The National Popular Alliance or ANAPO (Alianza Nacional Popular) was a political party in Colombia. It was founded in 1961 as a movement by the ex-president Gustavo Rojas Pinilla and was disbanded in 1998. Many ANAPO leaders and militants joined the Independent Democratic Pole coalition.

Anapo's political platform has been labeled as left-wing. Nonetheless, Anapo made it clear that they differ from Communists regarding the rights of private property.

==History==

The party's political height grew during the mid-to-late 1960s and the beginning of its decline came in 1970, after what is commonly perceived as its zenith by historians. It was founded in 1964 by a group of politicians led by Gustavo Rojas Pinilla, who left the Conservative Party of Colombia.

===The 1970 Elections===

====Defeat or Fraud?====

The year of 1970 saw the electoral defeat of its presidential candidate, the former dictator General Gustavo Rojas Pinilla, at the hands of the Conservative candidate of the National Front, Misael Pastrana Borrero, after a close April 19 election which ANAPO and several prominent figures of Colombian public opinion condemned as fraudulent at the time.

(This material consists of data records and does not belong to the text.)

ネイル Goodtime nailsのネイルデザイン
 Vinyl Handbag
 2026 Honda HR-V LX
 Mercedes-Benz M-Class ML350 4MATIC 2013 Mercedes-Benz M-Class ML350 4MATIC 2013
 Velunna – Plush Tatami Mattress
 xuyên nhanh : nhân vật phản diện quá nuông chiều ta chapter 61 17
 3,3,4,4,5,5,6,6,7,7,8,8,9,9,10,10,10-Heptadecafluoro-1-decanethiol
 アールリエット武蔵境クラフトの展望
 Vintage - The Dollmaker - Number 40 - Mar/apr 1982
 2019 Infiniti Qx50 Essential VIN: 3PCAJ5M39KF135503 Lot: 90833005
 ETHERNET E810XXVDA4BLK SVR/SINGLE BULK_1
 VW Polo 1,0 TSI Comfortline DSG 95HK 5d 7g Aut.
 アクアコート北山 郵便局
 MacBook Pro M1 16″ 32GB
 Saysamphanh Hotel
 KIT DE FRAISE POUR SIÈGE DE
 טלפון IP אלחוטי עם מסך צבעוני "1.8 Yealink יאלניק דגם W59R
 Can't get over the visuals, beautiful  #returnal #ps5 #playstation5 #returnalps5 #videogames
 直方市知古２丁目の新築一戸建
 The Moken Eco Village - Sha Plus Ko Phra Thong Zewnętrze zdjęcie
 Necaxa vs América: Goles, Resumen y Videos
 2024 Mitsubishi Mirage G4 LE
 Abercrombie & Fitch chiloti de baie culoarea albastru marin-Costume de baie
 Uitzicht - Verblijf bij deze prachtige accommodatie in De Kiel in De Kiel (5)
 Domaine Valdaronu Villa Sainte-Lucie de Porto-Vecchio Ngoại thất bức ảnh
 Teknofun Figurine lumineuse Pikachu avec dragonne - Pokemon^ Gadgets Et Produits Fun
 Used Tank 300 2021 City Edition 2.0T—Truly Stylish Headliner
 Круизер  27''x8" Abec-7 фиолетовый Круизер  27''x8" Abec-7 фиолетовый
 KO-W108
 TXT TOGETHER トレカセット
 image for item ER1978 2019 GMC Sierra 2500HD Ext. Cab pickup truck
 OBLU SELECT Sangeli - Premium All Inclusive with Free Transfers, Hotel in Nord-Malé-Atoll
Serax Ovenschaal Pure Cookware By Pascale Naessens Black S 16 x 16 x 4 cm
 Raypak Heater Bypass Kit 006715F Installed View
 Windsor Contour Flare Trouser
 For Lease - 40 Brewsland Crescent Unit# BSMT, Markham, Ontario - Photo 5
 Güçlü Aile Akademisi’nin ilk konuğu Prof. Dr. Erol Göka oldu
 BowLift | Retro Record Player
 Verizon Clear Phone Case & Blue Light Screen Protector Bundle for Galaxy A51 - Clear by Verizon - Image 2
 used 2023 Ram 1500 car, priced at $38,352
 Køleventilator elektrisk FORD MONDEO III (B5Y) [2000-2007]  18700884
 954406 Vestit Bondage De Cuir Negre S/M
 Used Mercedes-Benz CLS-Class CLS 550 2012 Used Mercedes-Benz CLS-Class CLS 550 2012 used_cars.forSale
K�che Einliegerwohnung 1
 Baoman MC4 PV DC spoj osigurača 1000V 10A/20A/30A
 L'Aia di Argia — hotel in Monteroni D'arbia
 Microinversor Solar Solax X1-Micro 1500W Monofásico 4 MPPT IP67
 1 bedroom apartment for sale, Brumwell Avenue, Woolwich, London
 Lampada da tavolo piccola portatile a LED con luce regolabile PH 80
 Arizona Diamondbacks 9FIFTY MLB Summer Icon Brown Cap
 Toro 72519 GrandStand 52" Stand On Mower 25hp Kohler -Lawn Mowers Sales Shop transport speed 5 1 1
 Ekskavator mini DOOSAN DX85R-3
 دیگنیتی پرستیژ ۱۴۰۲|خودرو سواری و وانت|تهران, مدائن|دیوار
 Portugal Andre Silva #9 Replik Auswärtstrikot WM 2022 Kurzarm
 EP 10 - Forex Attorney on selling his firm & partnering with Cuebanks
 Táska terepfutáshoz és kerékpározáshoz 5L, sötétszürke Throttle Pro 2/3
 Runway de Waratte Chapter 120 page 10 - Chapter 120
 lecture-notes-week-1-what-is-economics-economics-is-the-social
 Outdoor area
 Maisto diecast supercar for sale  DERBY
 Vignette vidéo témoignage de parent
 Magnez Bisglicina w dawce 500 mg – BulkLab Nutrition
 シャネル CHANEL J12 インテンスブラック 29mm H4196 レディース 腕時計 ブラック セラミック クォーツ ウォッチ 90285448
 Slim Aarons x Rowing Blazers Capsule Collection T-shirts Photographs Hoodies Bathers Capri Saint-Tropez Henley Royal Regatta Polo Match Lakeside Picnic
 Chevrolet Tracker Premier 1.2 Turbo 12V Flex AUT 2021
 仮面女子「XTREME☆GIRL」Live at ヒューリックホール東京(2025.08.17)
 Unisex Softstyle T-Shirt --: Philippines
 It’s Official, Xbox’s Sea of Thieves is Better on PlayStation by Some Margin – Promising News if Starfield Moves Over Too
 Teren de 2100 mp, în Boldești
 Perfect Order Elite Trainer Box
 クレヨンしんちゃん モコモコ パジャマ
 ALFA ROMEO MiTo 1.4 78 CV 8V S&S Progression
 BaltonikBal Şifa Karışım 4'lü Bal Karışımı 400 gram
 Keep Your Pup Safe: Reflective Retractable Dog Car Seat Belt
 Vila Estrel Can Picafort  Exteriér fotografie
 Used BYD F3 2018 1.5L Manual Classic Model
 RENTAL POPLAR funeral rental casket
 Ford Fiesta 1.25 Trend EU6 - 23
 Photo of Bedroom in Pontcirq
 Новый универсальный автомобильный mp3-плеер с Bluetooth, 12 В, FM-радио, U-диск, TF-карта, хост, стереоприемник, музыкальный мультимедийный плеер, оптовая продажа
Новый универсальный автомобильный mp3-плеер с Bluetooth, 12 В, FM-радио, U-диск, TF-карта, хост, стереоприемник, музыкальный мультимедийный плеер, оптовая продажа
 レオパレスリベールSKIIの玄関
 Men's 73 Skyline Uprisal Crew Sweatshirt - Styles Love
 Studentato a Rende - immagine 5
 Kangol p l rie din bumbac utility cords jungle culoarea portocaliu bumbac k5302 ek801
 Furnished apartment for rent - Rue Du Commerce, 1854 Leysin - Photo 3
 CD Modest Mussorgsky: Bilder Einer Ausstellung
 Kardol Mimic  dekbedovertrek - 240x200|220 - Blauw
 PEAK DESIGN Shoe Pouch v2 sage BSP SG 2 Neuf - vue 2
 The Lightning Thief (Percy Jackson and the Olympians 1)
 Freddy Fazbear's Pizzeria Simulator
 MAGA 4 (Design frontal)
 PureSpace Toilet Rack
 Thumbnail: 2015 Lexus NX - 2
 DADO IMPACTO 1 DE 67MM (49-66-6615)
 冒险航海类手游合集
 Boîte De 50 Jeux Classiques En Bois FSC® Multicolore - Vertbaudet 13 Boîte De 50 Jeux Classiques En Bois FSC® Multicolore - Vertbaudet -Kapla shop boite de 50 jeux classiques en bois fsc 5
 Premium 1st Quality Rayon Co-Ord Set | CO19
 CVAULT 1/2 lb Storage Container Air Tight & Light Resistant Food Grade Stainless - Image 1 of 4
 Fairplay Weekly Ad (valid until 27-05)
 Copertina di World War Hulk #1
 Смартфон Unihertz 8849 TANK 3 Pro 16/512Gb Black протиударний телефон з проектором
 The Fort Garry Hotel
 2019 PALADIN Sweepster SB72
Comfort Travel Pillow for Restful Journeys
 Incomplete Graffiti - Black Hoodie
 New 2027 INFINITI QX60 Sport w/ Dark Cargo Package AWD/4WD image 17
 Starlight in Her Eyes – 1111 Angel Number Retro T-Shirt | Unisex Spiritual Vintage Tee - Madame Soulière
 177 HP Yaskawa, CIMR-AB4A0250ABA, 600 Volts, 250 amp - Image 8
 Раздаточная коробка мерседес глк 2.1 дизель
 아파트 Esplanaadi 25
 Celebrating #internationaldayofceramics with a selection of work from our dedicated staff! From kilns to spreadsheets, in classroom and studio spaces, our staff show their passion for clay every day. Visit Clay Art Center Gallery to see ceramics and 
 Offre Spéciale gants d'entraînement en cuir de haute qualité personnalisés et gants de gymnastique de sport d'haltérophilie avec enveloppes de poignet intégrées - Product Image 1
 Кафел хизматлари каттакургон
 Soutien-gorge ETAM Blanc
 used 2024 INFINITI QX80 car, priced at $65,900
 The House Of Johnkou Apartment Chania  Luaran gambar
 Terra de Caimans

The accusation has been maintained by ANAPO and most opposition parties ever since. Polls have shown that subsequently it has almost become a fact accepted by the political mainstream in Colombia As of 2005, specifically due to the gradual surfacing and historical evaluation of supporting evidence, memoirs and testimonies.

====Aftermath====

Initially, ANAPO tried to declare the elections illegitimate, both by actively calling for a citizen protest or uprising, and also by demanding that Colombia's Electoral Court abstain from supporting the official result. The Court denied this request and recognized Misael Pastrana as president elect.

ANAPO's reaction created alarm in many National Front politicians and media outlets, who supported the announced result. President Carlos Lleras Restrepo vehemently denied the charges of fraud and argued that his responsibility was to hand over power to the legally recognized winning candidate. The government declared a state of siege in order to try to stop riots from erupting, signs of which appeared mainly in Bogotá but also in some other regions of the country.

In 1972, a group of National Congress deputies from the ANAPO formed a splinter group called Broad Colombian Movement (Movimiento Amplio Colombiano, abr. MAC) which soon joined the left-wing National Union of Opposition.

In 1974, the 19th of April Movement (M-19), a Colombian guerrilla group, came into the public scene and claimed that its struggle was a reaction to what it called the illegitimacy of the 1970 elections, the nation's bipartisan political system, and the National Front agreement that had supported them.

Initially, the M-19 hoped to actively incorporate ANAPO leaders and party members as its political representatives, but many, including ANAPO chief Maria Eugenia Rojas, ultimately rejected any attempt to actively establish such an association.

==Recent Electoral Status==
After the political reform of 2003, it disappeared entirely, joining a coalition of leftist parties known as Polo Democrático Independiente that became the political party Polo Democrático Alternativo in 2005.